WHAT YOU SHOULD DO:
Out of the data below, copy every line with the string "Image".

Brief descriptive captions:

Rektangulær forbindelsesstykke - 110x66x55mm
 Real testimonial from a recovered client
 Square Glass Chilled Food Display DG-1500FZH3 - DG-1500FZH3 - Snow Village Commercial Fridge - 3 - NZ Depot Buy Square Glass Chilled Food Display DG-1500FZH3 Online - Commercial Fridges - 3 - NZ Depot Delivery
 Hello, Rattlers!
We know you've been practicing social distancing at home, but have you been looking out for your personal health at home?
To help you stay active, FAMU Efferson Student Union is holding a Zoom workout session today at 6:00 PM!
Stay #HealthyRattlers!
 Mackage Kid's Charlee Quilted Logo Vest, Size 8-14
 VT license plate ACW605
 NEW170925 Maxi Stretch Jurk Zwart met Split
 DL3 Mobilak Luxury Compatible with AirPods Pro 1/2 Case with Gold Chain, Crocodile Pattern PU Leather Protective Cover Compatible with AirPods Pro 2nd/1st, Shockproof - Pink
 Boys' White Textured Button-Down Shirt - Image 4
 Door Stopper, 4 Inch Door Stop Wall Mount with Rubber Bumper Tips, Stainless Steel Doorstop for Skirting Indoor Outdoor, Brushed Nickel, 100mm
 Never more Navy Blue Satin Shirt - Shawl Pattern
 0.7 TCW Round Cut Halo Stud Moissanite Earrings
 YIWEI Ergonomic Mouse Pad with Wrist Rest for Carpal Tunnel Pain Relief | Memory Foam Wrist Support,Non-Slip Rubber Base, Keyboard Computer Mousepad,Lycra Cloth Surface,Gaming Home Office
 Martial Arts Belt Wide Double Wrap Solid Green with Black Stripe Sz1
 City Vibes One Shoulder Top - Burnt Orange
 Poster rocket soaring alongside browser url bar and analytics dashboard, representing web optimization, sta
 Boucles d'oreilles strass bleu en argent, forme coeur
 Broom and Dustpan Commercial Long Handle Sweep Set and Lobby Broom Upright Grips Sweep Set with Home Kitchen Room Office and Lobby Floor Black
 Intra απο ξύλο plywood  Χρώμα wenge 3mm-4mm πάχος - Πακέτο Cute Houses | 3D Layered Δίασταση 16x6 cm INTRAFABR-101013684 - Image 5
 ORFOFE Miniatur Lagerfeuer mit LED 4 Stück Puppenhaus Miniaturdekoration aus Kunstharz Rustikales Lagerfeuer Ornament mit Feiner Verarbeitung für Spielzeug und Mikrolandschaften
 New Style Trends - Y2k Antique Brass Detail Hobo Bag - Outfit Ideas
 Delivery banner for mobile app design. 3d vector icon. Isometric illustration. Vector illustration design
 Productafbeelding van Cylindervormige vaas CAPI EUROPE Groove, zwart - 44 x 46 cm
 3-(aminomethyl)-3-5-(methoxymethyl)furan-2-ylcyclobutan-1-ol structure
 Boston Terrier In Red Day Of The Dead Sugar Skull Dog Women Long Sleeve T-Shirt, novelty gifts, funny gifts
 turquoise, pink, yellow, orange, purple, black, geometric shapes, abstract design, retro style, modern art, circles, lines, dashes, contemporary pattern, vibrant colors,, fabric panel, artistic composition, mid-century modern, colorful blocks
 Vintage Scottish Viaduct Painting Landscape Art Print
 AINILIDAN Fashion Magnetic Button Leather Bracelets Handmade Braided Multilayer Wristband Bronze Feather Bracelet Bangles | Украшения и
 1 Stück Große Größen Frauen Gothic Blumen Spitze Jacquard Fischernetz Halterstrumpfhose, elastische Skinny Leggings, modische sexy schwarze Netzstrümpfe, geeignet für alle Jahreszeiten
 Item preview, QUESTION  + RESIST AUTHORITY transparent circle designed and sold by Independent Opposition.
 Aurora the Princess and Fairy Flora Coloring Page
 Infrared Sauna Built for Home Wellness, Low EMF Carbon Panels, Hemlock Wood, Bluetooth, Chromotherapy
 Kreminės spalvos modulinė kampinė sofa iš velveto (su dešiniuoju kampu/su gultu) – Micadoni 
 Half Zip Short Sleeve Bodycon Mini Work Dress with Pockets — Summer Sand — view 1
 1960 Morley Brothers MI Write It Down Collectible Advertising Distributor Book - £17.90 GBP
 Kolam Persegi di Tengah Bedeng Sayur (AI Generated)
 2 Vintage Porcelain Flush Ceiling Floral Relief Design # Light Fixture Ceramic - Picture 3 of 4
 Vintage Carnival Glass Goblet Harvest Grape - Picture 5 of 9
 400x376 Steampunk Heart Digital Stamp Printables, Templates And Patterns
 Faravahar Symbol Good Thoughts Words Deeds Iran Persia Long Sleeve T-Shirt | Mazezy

YOUR SOLUTION:
 Boys' White Textured Button-Down Shirt - Image 4
 Intra απο ξύλο plywood  Χρώμα wenge 3mm-4mm πάχος - Πακέτο Cute Houses | 3D Layered Δίασταση 16x6 cm INTRAFABR-101013684 - Image 5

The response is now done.